GTK and Rust works really well on Linux, which I suppose is the pertinent part given the focus of the article. I've yet to work out how to get GTK and Rust to work on macOS or Windows, which makes cross-platform UI difficult.
I built a new GTK 4 backend specifically for macOS so we have native support for rendering all of the UI with OpenGL like we do on Linux and Windows. I'm fairly quick to fix bugs if I get good reports, and it can be installed with `brew install gtk4`.
You can also build GTK for macOS easily with meson as it has subprojects for everything.

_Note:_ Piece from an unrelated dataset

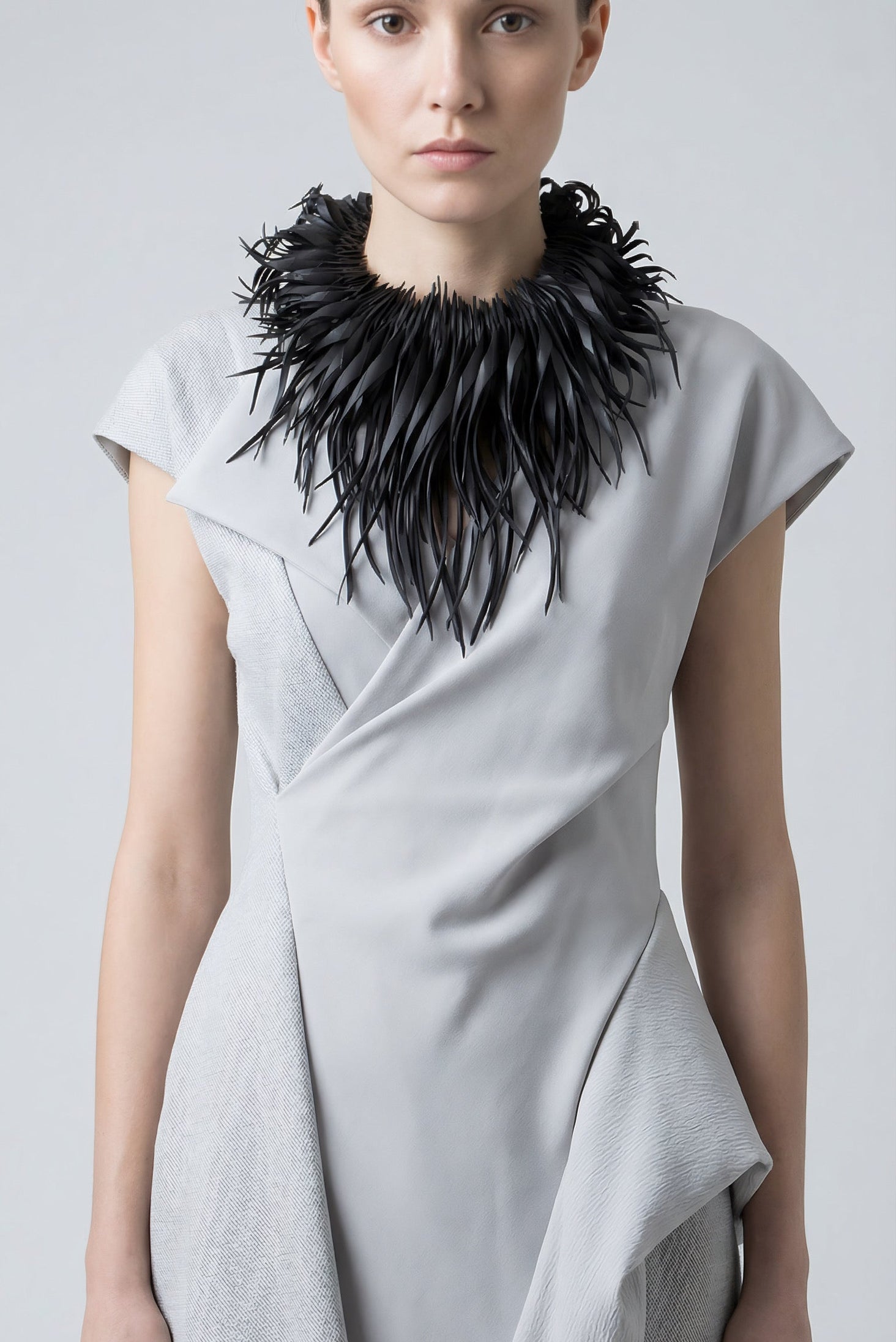 model wears bold,curly,  large black statement necklace made out of recycled upcycled bike tyre rubber inner tube by Laura Zabo, bib necklace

In fact, our CI does it from scratch on every commit w/ macOS. On Windows you can just open GTK with visual studio and build it by using Meson to generate the project files.
A bunch of work is about to land to make the macOS backend more solid/faster too similar to the work Firefox did in the last couple of years to reduce power usage w/ OpenGL/IOSurface/etc.
Thanks. I'll take a look. I've tried Relm 3, Relm 4, and gtk-rs, but they all use Linux only in their CI. I just can't work out what to install and what env vars I need. I didn't the official GTK docs all that helpful on the topic. I'm keen to see how to package the whole thing up, too. Ideally, I could just put the necessary libraries in a directory with the executable.
Oh, nifty. I tried getting it going with msys2 and didn't have good luck. I think something might be conflicting. I haven't gotten to the point of wiping the machine yet. Maybe I'll have better luck with meson.
gtk-rs has a book[1] which has setup information for windows. The install was easy on windows following the instructions. I have yet to build an app with GTK4 so I can't comment on the writing and building of apps just yet.
I followed those as well but changed to whats in the gtk-rs book
A word of warning: before you start, if you choose to go down the MSVC path, you have to uinstall msys2 and remove msys from your environment paths. If the Meson build find msys2 in your environment path variable, it will try to build using msys2.